Meredith Moore is the Founder & CEO of Artisan Financial Strategies LLC. She is fascinated by the interplay between gender, money and power.
Most people are doing what they’re supposed to do. They’re saving, investing, building businesses or accumulating company stock. From the outside, it looks like progress.
But there’s a reason many high performers don’t go much deeper than that. It’s easier to focus on the quantitative side of money—the numbers, the returns, the technical decisions. What’s harder is stepping back and asking a different question: What is all of this actually for?
That question forces something most people avoid. It requires thinking about what comes next. And for many, that brings up a deeper issue. Their identity has been tied so closely to their role, their title or the business they’ve built that it’s difficult to separate who they are from what they do. So instead of defining the future, they stay focused on the numbers.

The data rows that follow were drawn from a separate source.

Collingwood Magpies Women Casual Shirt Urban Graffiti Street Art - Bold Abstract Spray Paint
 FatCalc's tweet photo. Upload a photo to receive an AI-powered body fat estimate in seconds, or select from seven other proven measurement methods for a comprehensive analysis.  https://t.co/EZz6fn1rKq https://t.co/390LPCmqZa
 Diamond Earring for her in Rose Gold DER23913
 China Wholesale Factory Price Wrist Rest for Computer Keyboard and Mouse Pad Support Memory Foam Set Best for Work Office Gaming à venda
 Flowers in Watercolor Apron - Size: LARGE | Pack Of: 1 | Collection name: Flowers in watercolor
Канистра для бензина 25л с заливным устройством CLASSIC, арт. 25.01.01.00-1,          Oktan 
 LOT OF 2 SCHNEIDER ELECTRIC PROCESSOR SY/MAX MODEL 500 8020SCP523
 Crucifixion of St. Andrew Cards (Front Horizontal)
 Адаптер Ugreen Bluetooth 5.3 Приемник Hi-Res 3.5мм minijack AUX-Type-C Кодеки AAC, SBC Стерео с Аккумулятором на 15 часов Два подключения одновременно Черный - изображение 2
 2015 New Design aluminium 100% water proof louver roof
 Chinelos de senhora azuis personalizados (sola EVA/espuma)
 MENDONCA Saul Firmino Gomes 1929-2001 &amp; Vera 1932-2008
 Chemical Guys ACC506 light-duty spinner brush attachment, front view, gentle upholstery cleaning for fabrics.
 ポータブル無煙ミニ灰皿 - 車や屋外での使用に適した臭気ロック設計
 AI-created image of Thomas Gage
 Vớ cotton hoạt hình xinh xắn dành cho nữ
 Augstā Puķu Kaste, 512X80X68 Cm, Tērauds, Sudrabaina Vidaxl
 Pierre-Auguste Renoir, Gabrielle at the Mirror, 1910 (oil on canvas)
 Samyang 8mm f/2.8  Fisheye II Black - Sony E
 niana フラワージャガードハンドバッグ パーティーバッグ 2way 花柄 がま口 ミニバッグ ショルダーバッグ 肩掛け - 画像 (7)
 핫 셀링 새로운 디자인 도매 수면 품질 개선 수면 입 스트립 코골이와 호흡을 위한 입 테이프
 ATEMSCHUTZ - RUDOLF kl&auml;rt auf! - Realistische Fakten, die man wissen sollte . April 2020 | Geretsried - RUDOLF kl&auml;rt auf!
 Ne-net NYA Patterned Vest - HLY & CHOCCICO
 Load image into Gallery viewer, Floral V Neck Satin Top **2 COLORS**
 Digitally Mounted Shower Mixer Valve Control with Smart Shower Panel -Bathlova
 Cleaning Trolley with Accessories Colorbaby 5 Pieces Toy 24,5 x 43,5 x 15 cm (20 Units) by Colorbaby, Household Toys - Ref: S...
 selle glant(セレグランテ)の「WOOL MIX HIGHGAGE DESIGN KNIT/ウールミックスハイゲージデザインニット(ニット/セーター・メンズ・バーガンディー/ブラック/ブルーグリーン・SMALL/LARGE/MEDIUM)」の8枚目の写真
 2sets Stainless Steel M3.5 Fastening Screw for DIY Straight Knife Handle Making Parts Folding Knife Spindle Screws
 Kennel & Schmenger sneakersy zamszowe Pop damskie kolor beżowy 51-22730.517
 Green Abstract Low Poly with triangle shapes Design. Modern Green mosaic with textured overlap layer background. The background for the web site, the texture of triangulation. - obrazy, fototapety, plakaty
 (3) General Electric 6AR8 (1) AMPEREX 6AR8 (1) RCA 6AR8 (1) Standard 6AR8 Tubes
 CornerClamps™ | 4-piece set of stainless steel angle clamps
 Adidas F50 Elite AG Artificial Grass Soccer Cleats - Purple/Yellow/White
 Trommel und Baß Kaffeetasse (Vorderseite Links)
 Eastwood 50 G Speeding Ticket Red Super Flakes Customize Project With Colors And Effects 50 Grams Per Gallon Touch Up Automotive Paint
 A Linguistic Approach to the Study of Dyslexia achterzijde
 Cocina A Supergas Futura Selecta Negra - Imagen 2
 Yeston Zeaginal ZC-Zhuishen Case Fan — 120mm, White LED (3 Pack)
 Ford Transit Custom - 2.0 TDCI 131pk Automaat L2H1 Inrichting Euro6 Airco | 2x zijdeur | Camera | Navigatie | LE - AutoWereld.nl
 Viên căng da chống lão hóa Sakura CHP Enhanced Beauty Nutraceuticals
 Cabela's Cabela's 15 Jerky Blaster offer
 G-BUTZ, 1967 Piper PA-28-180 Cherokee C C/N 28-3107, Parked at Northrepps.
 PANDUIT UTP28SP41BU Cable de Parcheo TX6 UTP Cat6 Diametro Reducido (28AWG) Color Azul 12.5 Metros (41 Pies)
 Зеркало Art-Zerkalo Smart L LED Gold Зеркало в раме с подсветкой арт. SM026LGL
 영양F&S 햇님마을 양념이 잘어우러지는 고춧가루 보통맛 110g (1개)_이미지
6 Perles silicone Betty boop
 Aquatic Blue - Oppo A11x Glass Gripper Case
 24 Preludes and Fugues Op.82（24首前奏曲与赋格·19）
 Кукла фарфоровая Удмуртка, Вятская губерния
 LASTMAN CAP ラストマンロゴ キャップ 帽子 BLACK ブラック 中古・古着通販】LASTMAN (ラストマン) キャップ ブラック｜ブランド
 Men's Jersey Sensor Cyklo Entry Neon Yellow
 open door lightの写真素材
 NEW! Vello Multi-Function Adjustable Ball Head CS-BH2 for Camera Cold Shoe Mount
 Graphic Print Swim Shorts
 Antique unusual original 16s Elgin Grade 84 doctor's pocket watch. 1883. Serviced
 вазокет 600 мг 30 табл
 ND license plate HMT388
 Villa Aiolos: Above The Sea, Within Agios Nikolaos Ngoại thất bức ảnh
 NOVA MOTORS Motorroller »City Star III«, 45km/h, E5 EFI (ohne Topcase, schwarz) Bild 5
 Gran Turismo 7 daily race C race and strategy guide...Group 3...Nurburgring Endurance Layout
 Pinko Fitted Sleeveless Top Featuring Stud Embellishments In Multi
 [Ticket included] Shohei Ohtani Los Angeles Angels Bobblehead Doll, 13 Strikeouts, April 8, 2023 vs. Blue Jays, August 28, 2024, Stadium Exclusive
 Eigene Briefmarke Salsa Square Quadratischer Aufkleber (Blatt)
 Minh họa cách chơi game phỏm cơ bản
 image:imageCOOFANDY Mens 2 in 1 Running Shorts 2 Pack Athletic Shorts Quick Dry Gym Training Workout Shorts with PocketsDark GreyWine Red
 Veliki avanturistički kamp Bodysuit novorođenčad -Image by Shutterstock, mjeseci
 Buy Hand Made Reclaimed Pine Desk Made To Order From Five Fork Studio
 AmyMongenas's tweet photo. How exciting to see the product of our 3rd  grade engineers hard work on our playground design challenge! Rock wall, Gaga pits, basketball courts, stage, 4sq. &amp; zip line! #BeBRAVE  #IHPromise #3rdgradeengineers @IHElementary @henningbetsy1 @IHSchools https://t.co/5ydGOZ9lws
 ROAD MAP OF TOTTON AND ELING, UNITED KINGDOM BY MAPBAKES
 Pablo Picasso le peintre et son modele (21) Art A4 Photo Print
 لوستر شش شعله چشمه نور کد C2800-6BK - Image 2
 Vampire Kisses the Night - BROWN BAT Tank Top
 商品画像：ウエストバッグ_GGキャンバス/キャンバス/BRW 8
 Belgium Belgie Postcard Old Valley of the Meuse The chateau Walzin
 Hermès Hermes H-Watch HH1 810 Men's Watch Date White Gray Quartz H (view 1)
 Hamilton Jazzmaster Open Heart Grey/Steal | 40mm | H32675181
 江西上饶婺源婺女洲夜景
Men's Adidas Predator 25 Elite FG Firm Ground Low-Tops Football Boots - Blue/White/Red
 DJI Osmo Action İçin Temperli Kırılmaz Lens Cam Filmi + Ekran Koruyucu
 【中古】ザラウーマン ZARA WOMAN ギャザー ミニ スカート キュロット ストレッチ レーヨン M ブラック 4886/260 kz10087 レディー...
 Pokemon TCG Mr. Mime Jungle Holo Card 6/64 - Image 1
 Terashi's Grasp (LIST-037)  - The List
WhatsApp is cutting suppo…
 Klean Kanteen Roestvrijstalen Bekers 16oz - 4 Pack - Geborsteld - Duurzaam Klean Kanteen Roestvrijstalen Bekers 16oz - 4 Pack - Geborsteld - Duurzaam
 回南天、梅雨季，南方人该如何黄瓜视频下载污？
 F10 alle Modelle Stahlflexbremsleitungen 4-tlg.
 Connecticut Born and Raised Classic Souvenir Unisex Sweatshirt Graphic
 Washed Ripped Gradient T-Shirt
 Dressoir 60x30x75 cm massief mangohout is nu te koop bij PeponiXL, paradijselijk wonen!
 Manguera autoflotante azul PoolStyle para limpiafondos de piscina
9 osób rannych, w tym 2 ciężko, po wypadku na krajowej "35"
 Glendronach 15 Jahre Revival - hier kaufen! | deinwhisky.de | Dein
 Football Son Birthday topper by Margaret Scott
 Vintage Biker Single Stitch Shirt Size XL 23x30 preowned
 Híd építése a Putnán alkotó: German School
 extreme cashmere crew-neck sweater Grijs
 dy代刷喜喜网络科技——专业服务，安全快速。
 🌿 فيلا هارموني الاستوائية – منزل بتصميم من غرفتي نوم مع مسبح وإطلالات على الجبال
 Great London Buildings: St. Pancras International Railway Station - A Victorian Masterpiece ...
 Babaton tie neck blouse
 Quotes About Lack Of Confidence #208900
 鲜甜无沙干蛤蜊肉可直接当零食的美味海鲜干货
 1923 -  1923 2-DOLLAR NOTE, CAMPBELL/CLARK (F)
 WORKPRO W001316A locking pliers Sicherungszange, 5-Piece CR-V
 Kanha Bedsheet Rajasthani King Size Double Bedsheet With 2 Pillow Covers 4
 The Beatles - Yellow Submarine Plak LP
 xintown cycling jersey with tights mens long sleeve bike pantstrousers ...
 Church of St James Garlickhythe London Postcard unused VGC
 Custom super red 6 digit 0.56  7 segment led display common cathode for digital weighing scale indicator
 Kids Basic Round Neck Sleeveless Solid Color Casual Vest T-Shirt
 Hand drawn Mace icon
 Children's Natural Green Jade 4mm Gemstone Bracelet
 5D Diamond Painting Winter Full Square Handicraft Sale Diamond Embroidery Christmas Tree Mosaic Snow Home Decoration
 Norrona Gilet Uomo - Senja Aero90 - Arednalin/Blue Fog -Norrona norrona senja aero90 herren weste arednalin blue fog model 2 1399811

Why The Default Strategy Is Doing Without Direction
The traditional approach to money is straightforward: Earn more, save more, invest consistently. For business owners, it’s grow the business, increase revenue and build enterprise value.
But in both cases, there’s a common gap. There is no clearly defined future state.
We use words like “retirement” or “exit” but rarely take the time to articulate what life actually looks like beyond them. As a result, the behavior becomes automatic. People save without knowing what they’re solving for and grow without knowing what they’re building toward.
There’s no clarity on what that future lifestyle costs, no understanding of how income may evolve and no real plan for how time will be spent. Over time, that creates a disconnect. You can have significant assets and still feel unprepared because the numbers were never tied to a clear vision.
What’s Next?: The Question Most People Avoid
For many professionals and business owners, the next chapter is not about stopping. It’s about shifting.
That shift often includes consulting, board roles, starting or investing in something new or spending more intentional time with family. But those outcomes don’t happen by accident. They require forethought.
If you want to sit on boards, you may need experience or training well before you step away from your primary role. If you plan to exit a business, the question is not just valuation. It’s what your life looks like the day after.
Too often, that question gets deferred. And when it does, the transition becomes reactive instead of intentional.
How To Define The Life First
Most financial decisions are made in reverse. People start with the money—how much they’re saving, how their investments are performing and how to reduce taxes.
But if you don’t define the life, the money has nothing to solve for.
A better starting point is clarity. What does your next chapter actually look like? How are you spending your time? What are you working on, if anything?
From there, the filter becomes simple: Who do I need to become to do this well?
The Filter: Who Do I Need To Become?
This is where the conversation shifts away from numbers and toward capability.
If your next chapter requires a different version of you, that work starts now. It raises more practical questions. What skills do you need to build? Who do you need to be around? What environments do you need access to?
If your future includes board work, you may need governance experience. If it includes business ownership or investing, you need exposure to how deals work. If it includes more flexibility, you need to understand whether your current decisions support that.
This is not abstract. It directly informs how you spend your time, where you focus your attention and how you deploy capital.
Where Risk Actually Fits In
Once the vision is clear, the financial decisions take on a different role—not just growth, but durability.
Because progress can be undone.
You can be worth $100 million and it does not matter if everything is exposed. A lawsuit, a liability issue or a single event can put everything you’ve built at risk. Many people assume their wealth alone protects them. It doesn’t.
We are all one situation away from needing protection that actually works.
The same applies to taxes. Most people focus on return, but what matters is what you keep. Return after taxes is what builds wealth over time.
And then there’s fragmentation. When investment decisions, tax planning, legal work and business strategy are handled separately, inefficiencies build quietly in the background.
The Real Goal
The goal of financial planning isn’t just to accumulate more. It’s to build something that supports the life you actually want to live.
And that starts by defining the life first.